個人的に感動の出会いを果たした翌月、同じ場所を訪れてみたところ、そこにはトサカではなくポツンとウミエラが生えていた。
淡い紫色のそのウミエラに…

まさかの赤い模様タイプが!
ボディカラーの違いは宿主が異なることによるのだろうか。
それはともかく、全身に走る赤い血管のような模様は、仮面ライダーアマゾンのよう。

このエボシアマゾンも、やはり卵を抱えていた。

前回同様、卵を抱えているってことは、きっと近くにオスがいるってことなのだろう。
でもまさかその「近く」がこのウミエラだったとは、さすがの私も…というか私だからこそ、気がつくはずはなかった。
本人は気づいていなかったものの、画像にオスらしきもう1匹の姿が写っていたのだ。

気がついていなかったのだからピンボケで当たり前のところ、どういうわけか撮った画像のなかには、メスではなくてオス(らしきもう1匹)にピントが合っているものもあった。

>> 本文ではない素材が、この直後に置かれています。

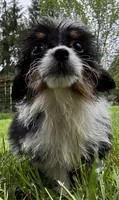 Macha, a male Pembroke Welsh Corgi and Poodle - Miniature  for sale in Bellingham, WA – 2 of 2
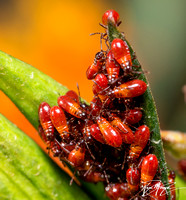 Large milkweed bug -Oncopeltus fasciatus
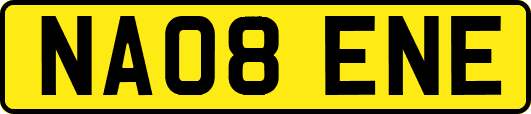 NA08ENE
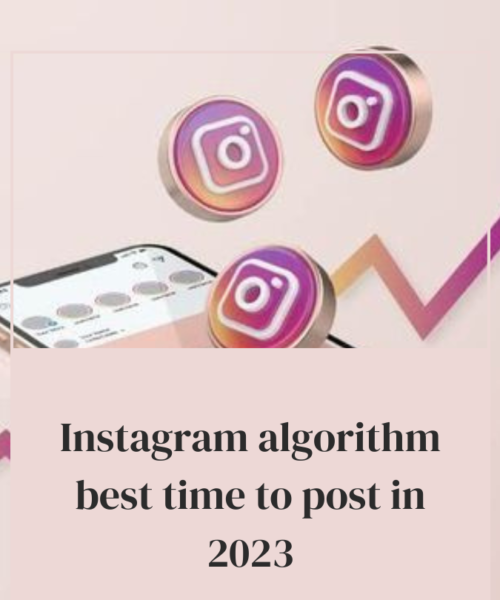 instagram algorithm 2023 best time to post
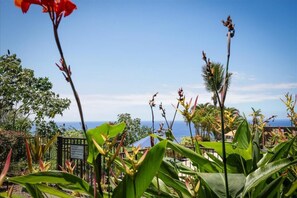 Apartment, Mehrere Betten (Kona Westwind 1) | Unterkunftsgelände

あいにくハサミ脚まで写っていないけれど、やはり同種ですよね?
考えてみれば、ウミエラからウミエラへ気軽に気安く渡り歩けるはずもないエビのこと、同じウミエラにペアで暮らしているほうがフツーなのだろう。
それにしても、図鑑を見ながら観たい観たいと思っていたエビとついに念願かなって出会えたと思ったら、翌月にはカラーバリエーション&オスにまで出会えるだなんて…。
昔からこのあたりのトサカやウミエラはちょくちょくチェックしているというのに、なんでこれまで会えなかったんだろう?
まったく同じポイントでも、今日とは違う明日がある。
だからダイビングはやめられない。